Well, people do.  I have season tickets to The Atlanta Braves, and there is a company that does exactly this.  And people pay for it.  Now, do a large percentage of the people who get their picture taken buy it?  No.  But obviously enough do such that this company makes a profit, pays their photogs relatively well, and can afford to pay the Braves a few thousand dollars per game to be allowed to do it.

The kicker?  

They don't even do on site printing.  Thats right, people pay $14 for a 5X7, that they have to go online and order, and get 5-9 days later, in the mail.

So yeah, while you might not understand why people would, in fact they do do this.

And Ive seen similar booths and operations at the beach as well, charging similar prices, some with on site printing, some that don't have it.


----------



## fjrabon (Jul 8, 2012)

rexbobcat said:


> fjrabon said:
> 
> 
> 
> ...



Actually how the operations work, it more or less looks that way, if it isn't that way.  A guy walks around with his camera, asks if you want your picture taken, you say yes or no.  The beach versions of this I've seen, it usually is in fact a one man operation.

And if anything, people tend to be more open to a guy who looks like he's not some drone for a large company, but a regular trying to make a few dollars.


----------



## rexbobcat (Jul 8, 2012)

fjrabon said:
			
		

> Actually how the operations work, it more or less looks that way, if it isn't that way.  A guy walks around with his camera, asks if you want your picture taken, you say yes or no.  The beach versions of this I've seen, it usually is in fact a one man operation.
> 
> And if anything, people tend to be more open to a guy who looks like he's not some drone for a large company, but a regular trying to make a few dollars.



I guess it depends on the event. I've done the same thing at college football games, but it was mostly in places where cameras weren't allowed, or I had some kind of college symbol for the to hold. 

$5-7 seemed to be the sweet spot for me. Over about $10 and people were like "lol...no..."

And that was for digital files. For one physical copy...I don't know.


----------



## animotionphoto (Jul 8, 2012)

rexbobcat said:


> fjrabon said:
> 
> 
> 
> ...




Ok, then. How many digital files, and how much were they sold for? How was the delivery?


----------



## rexbobcat (Jul 8, 2012)

Well, it was $5 per file, and I would just take their email and give them a card with mine and I would email them. Like I said, this is what worked for ME in my area. In a different demographic it will probably be different.


----------



## animotionphoto (Jul 8, 2012)

The reason I'm interested in point of sale, is because from my experience (and others I've seen here), I've walked around festivals and live music shows just shooting randomly, and people just ask me to take pictures of them and sell to them. At that point, they're at the "impulse purchase mode" because they're high from being somewhere evetnful. If I give them a card to go to my website later, the value of the picture is less in my opinion. On a different side, what if you could sell the customer a flash drive for about $15 and 1 file on it edited with captioning on the photo of event and date?


----------



## KmH (Jul 9, 2012)

rexbobcat said:


> $12 for a 4x6?
> 
> I can get an 8x10 photo professionally printed from a lab online for about that much


The online lab is just charging for the ink and paper, not the image printed by the ink onto the paper.

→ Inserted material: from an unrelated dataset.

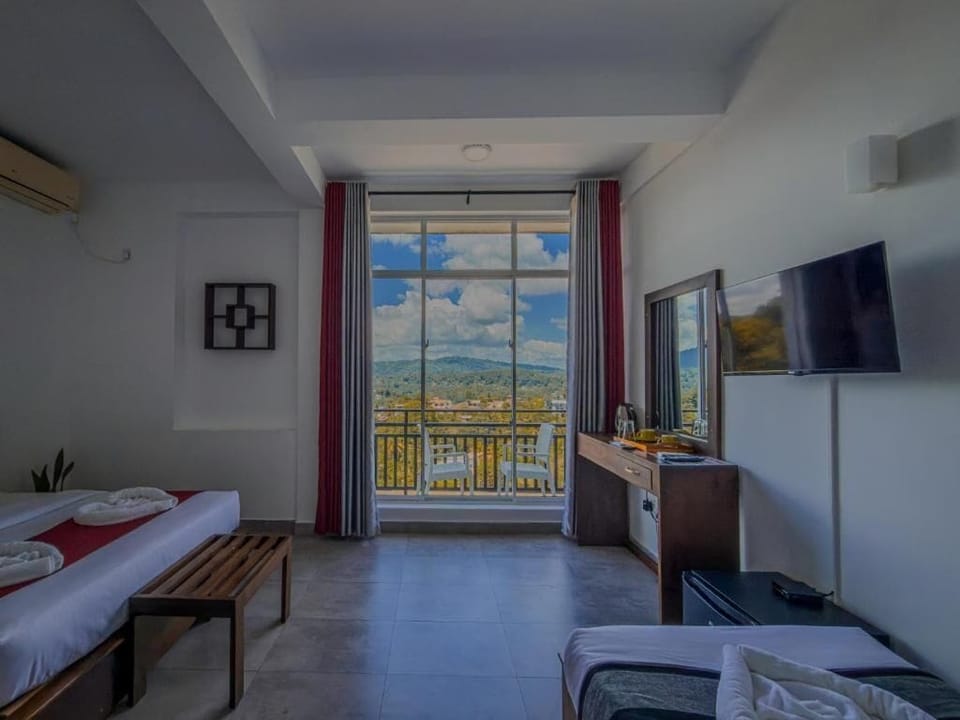 Deluxe Double Room, Balcony, Mountain View | Laptop workspace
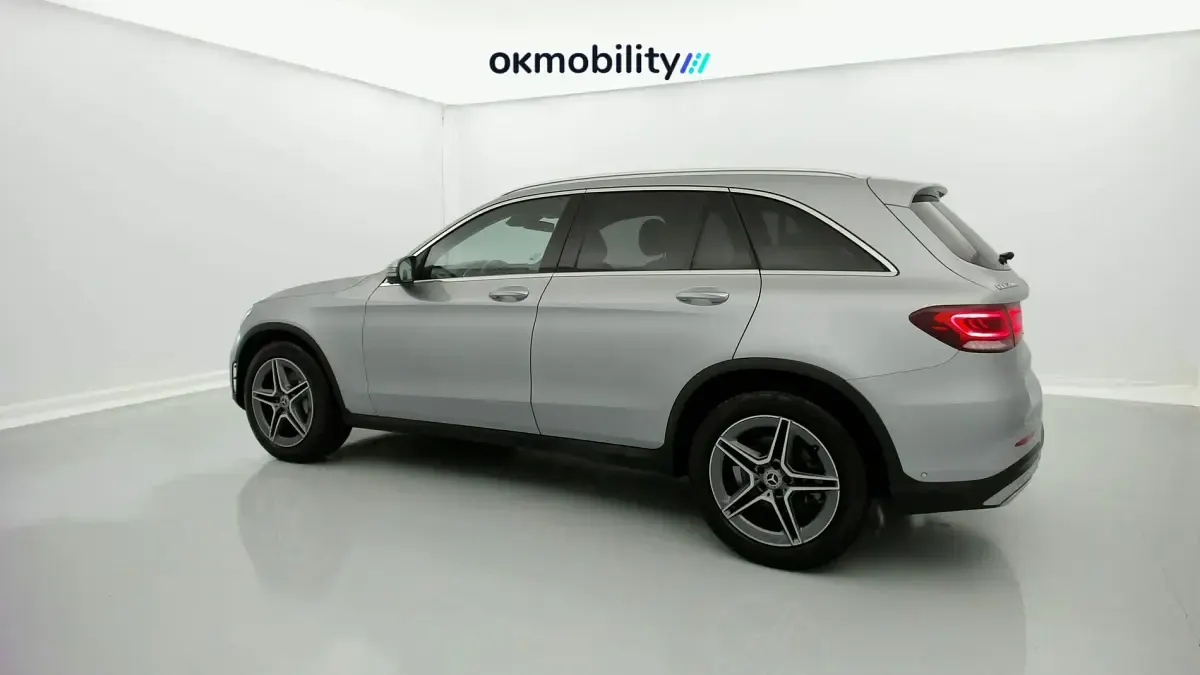 Usado Mercedes GLC200 AMG line 163 CV (119 kW) 2022 Plata hightech SUV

So, if you 're buying ink, paper, and an image - expect to pay more.


----------



## Designer (Jul 9, 2012)

animotionphoto said:


> Would you and if you would, how much would you pay for a group photo...?



O.K., Wow! So many variables in this equation, and you haven't mentioned all of them. 

Are these proposed to be candid shots?  If so, I personally wouldn't pay anything.
If they are posed, do you have a good idea of what settings will be available?  Any portable backgrounds, lights, etc?
Are these going to be any good?  Yes, I realize some people will buy anything, but it's a pretty slim chance that you will be able to make any money.
Are the attendees feeling particularly happy about being there?  Are they drinking?  Are they flush with cash?  Are they with people they like?

I think we have only begun to ask the important questions.

Now, if you intend to do this, why not simply try it a few times, and you will have a much better idea of what you can charge, and what people are willing to pay.


----------



## jwbryson1 (Jul 9, 2012)

E. Rose.  GREAT new photo and welcome back!  We missed you.  :hug::


----------



## gsgary (Jul 9, 2012)

animotionphoto said:


> *Things to forget/ leave out:*
> 1. That you're a photographer (very difficult)
> 2. About the equipment
> 3. Business admin, insurance, contracts, etc
> ...



£7

we charge £10 for a mounted 8x6


----------



## e.rose (Jul 9, 2012)

jwbryson1 said:
			
		

> E. Rose.  GREAT new photo and welcome back!  We missed you.  :hug::



Haha, thanks


----------



## animotionphoto (Jul 9, 2012)

Designer said:


> animotionphoto said:
> 
> 
> > Would you and if you would, how much would you pay for a group photo...?
> ...



You're over thinking it. Plenty was explained in the original post, except, that the photgrapher is carrying around a portable printer.


----------